Tuesday, October 09, 2012

How Ideology Colors Morality

This article from 2008 helps explain why a liberal, union, public school, geometry teacher in Philadelphia berated a 16-year-old high school sophomore for wearing a Romney t-shirt to class (mentioned in my last post). 

How Ideology Colors Morality

Conservatives and liberals reside in different moral worlds.

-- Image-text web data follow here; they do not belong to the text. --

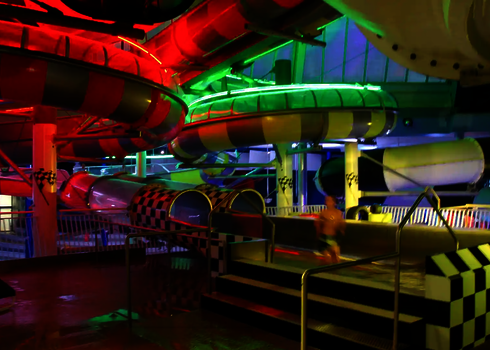 Zwei leuchtende Body Racer Auslaufbecken unter bunten Wasserrutschen.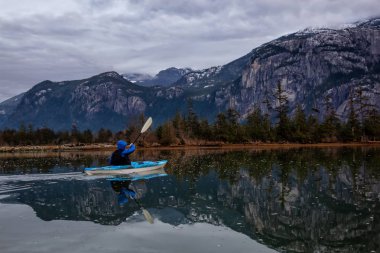 Bir bulutlu kış günbatımı sırasında huzurlu su kayağı maceracı adam. Squamish, Vancouver, Bc, Kanada kuzeyindeki alınan.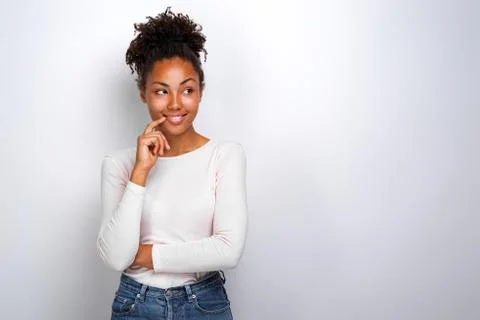Studio portrait of a playfully pose mulatto girl touching herself face by ind Stock Photos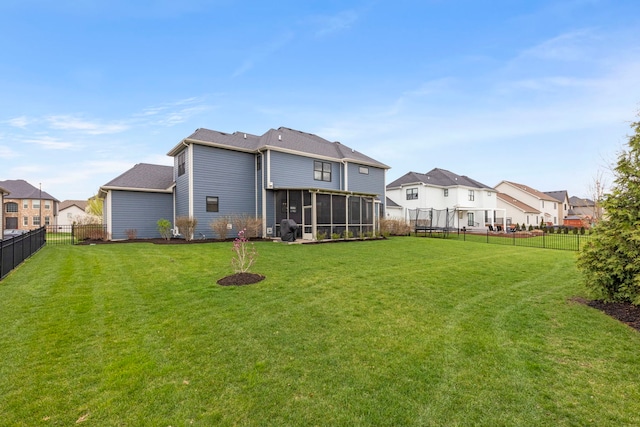 rear view of property featuring a residential view, a lawn, a sunroom, and a fenced backyard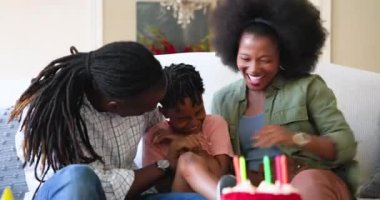 Mutlu siyah çift ve onların çok ırklı oğulları, erkek çocuğun doğum gününü evde kutluyorlar. Paketleri açan çocuk. Doğum günü, kutlama, parti, aile, çocukluk, ev hayatı ve ilişki kavramı.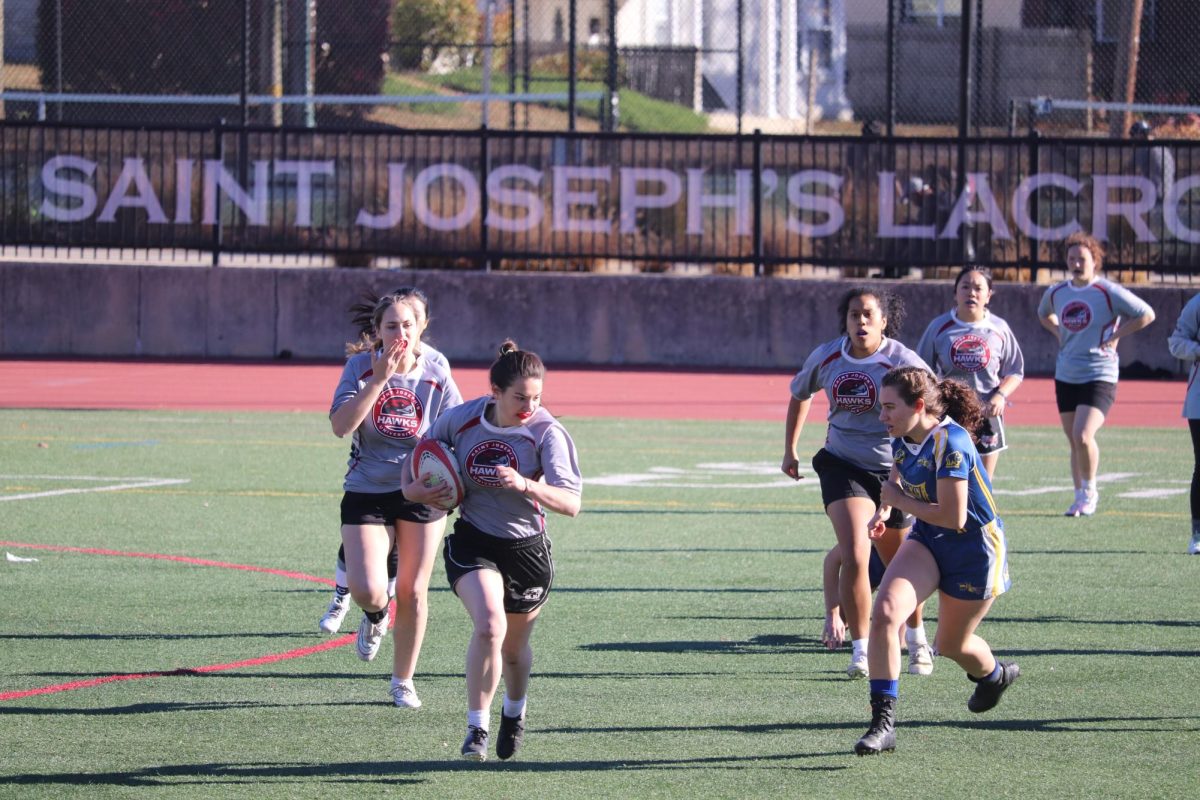 Brianna Kelly ’26 attempts to dodge Drexel defense on her way to score, Nov. 9.
PHOTO: ZACH PODOLNICK ’26/THE HAWK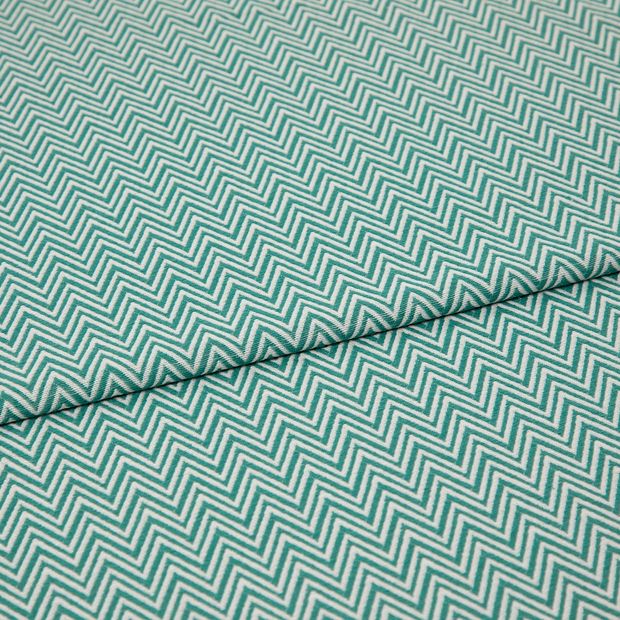 A folded piece of fabric with Pippa Aqua Light Green printed on it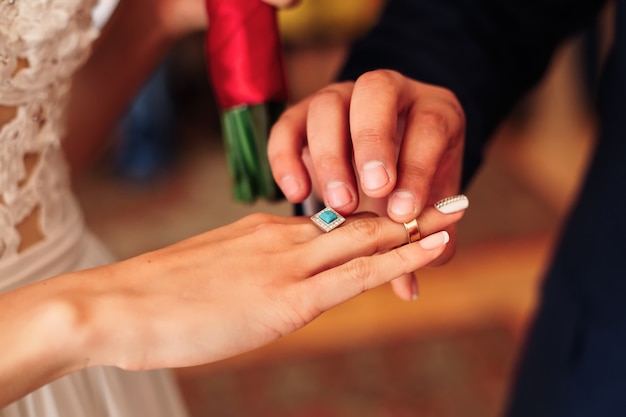 El novio y pone un anillo de bodas en el dedo de la novia.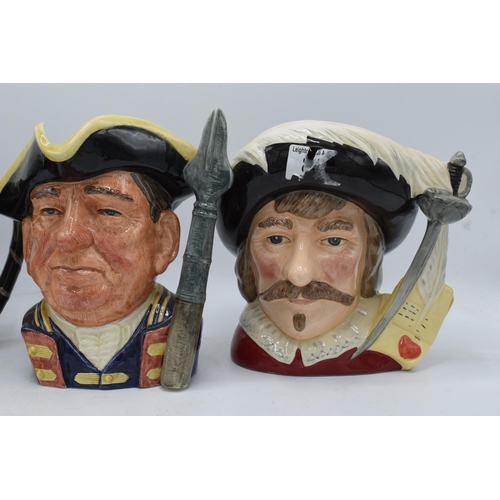 67 - A trio of large Royal Doulton character jugs to include Guardsman D6568, Tony Weller and Cyrano de B...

Liberals tend to think that conservatives are either stupid or evil.  They see George W. Bush as a buffoon and Dick Cheney as a nefarious architect of doom.  These two options strike liberals as the only possible explanations for why someone would adopt a conservative agenda.   Conservatives must be either be confused about what morality demands of us in the political sphere, or they must recognize the demands of morality and simply ignore those demands, in pursuit of power or lucre.  Conservatives have no more a flattering conception of liberals.  For their vantage point, liberals either look hopelessly naïve (read "stupid") or dangerously corrupted (read "evil").   Liberals are either tree-hugging fools or calculating agents of moral degeneracy. Why is this?

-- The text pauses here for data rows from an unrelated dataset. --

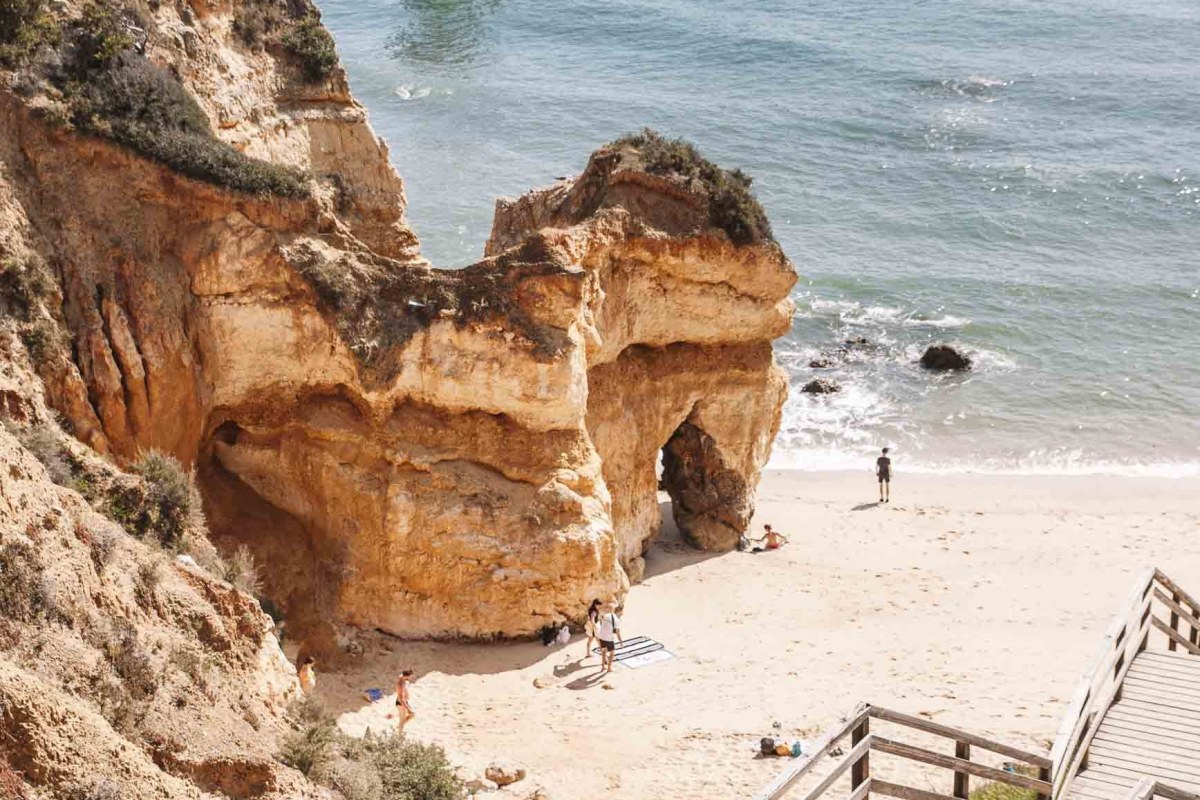 dos niñas bajando por una escalera de madera a la playa que esta rodeada de rocas entrando al mar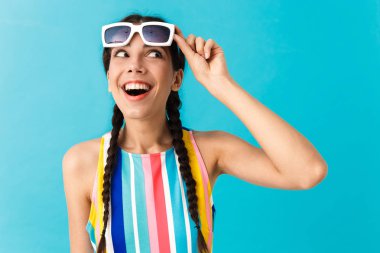 Açık ağız ile bir kenara bakarak güneş gözlüğü takan esmer şaşırtan kadın Görüntü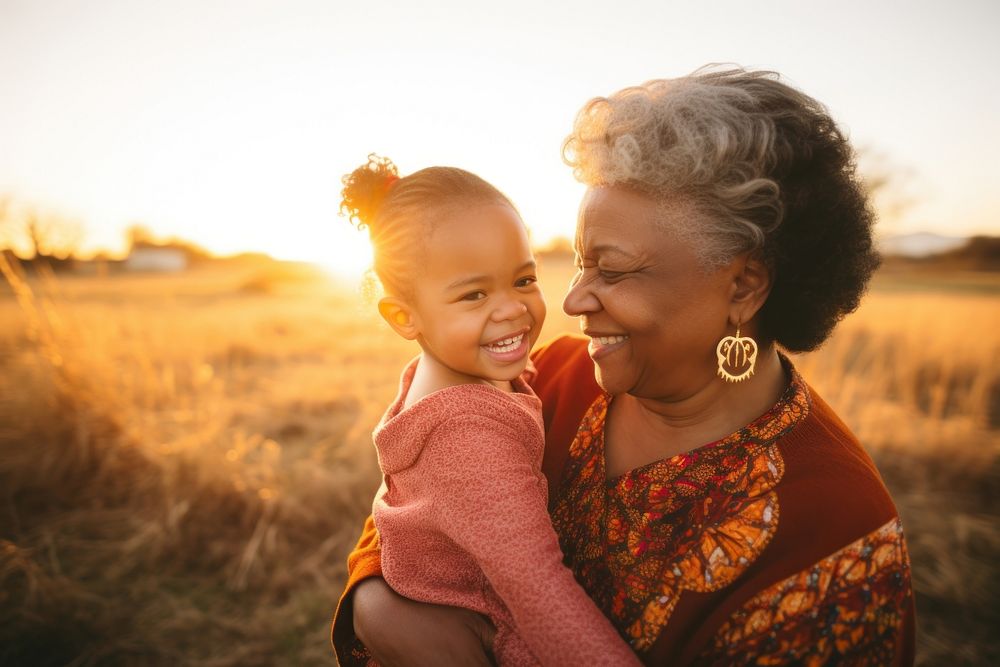 Grandmother grandchild portrait sunset. AI generated Image by rawpixel.
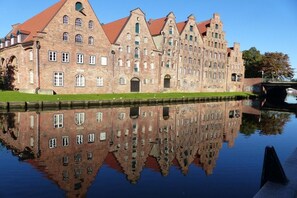 A historic building with a symmetrical facade, arched windows, and a red-tiled roof, reflected in a calm body of water. - Holiday apartment with 2 bedrooms (Scharbeutz)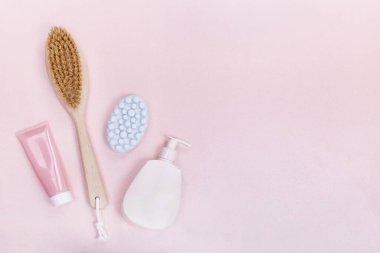 Spa products: soap,body brush,body cream over pink background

One answer is that liberals and conservatives each make the same false assumption about the other side: they assume that their opponents share the same basic moral values.   Suppose you and I share the same basic values, but you advocate some policy that I oppose.  That means one of us is either making a mistake about what our shared values entail or willfully pursuing something we know to be immoral.  One of us is stupid or evil.  But there is another possibility: perhaps we have some different basic values.  Perhaps we are both pursuing exactly what our values demand of us, but, since those values differ, we are pursuing different political agendas.
Read the full article.

1 comment:

Undergroundpewster said...

He wrote,

"The fact that liberals and conservatives fail to agree, despite their intelligence, moral concern, and access to information, suggests that the traditional philosophical picture is mistaken. There are multiple moralities."

Does this apply to questions of moral teaching in religion? Do multiple moralities exist in Christianity as a result of some fundamental principle or because of the workings of our own minds?